Dann schaute ich, was die Blogger des Vorjahres eigentlich so geschrieben haben, und fand, dass das meiste von dem, was ich mir zusammengereimt hatte — und einiges mehr etwa zur Vorgeschichte der Lindauer Treffen — dort schon viel ausführlicher und netter bebloggt worden war.

Was macht der moderne Mensch in einer solchen Situation? Er geht erst einmal spazieren, und sei es virtuell im WWW. Und wie einem ja gelegentlich auch bei einem physischen Spaziergang das Unbewusste die Schritte lenkt, fand ich mich früher als erwartet auf www.nobelprize.org wieder, und kurz darauf bei dem Dokument, mit dem alles begonnen hatte: Alfred Nobels Testament und letzter Wille.

Nach einigen Schlaglichtern auf das Privatleben des Stifters (von ehemaligem Gärtner und ehemaligem Diener, die jeweils Pensionen erhalten, bis hin zu einer Reihe namentlich genannter Verwandter und Bekannter sind dort zuerst die Personen aufgeführt, denen Nobel persönlich eine Hinterlassenschaft zugedacht hatte) folgt der Absatz, der die Medaillen ins Rollen brachte. Und es folgt eine Überraschung, zumindest für mich, denn dort werden Preise gestiftet, die jährlich diejenigen Wissenschaftler aus Physik, Chemie und Medizin auszeichnen sollen, deren Entdeckungen im Vorjahr der Menschheit den größten Nutzen beschert haben. Als an der Teilchenphysik interessierter Mensch habe ich in den letzten Jahren verfolgt, wie das Physik-Preiskomitee seine Sammlung von Pionieren des Standardmodells der Elementarteilchenphysik (das inzwischen auch 30-40 Jahre auf dem Buckel hat) vervollständigt hat. Mir war also durchaus bewusst, dass Nobelpreise in der Regel allenfalls für Arbeiten aus dem Vor-Jahrzehnt vergeben werden, und meistens mit noch deutlich größerem zeitlichen Abstand.
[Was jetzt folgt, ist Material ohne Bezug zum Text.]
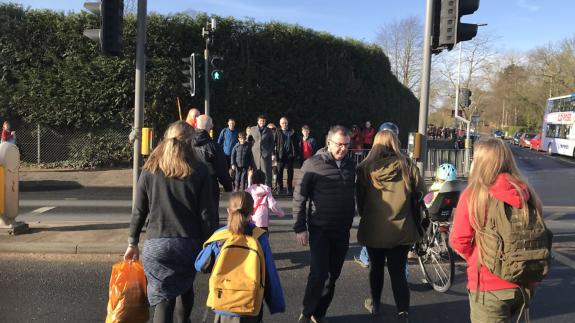 Eastern Daily Press: Parents protested over proposals to change the pedestrian crossing on Colman Road in Norwich. Photo: Neil Didsbury Eastern Daily Press: Parents protested over proposals to change the pedestrian crossing on Colman Road in Norwich. Photo: Neil Didsbury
Wikipedia führt aus, dass die Preisverleiher sich nach (mindestens) einer etwas zweifelhaften, da übereilten Verleihung entschlossen hatten, zwischen Forschung und Nobelpreis deutlich mehr Zeit verstreichen zu lassen, um nur solche Leistungen zu ehren, deren Bedeutung auch auf lange Sicht Bestand hat.

Ralf Pettersson, ehemaliger Vorsitzender des Nobelpreiskomitees für Physiologie/Medizin, erklärt dazu in diesem Interview, in der heute gültigen Interpretation sei "das Vorjahr" zu verstehen als "das Jahr, in dem der Einfluss der Entdeckung offensichtlich wurde" ("the year when the full impact of the discovery has become evident"). Das scheint mir arg bemüht. Dann lieber ehrlich zugeben: Was zählt ist, was draus geworden ist. Und in diesem Falle hat die Abkehr von des Stifters Vorjahres-Regel und die Konzentration auf langfristig wichtige Ergebnisse wesentlich zum guten Ruf der Preise beigetragen. Und da schließt sich der Kreis zu meinem vorbereitenden Nachdenken über das Lindauer Treffen, und ich lege meine Gedanken zu Motivation und Konzeption des Treffens erst einmal ad acta. Was zählt ist, was draus geworden ist. Und das ist, nach allem, was man hört und liest: ein Treffen vieler an Wissenschaft interessierter Menschen (einige davon mit Nobelpreis), ein anregendes Umfeld, stimulierende Vorträge. Ich bin gespannt!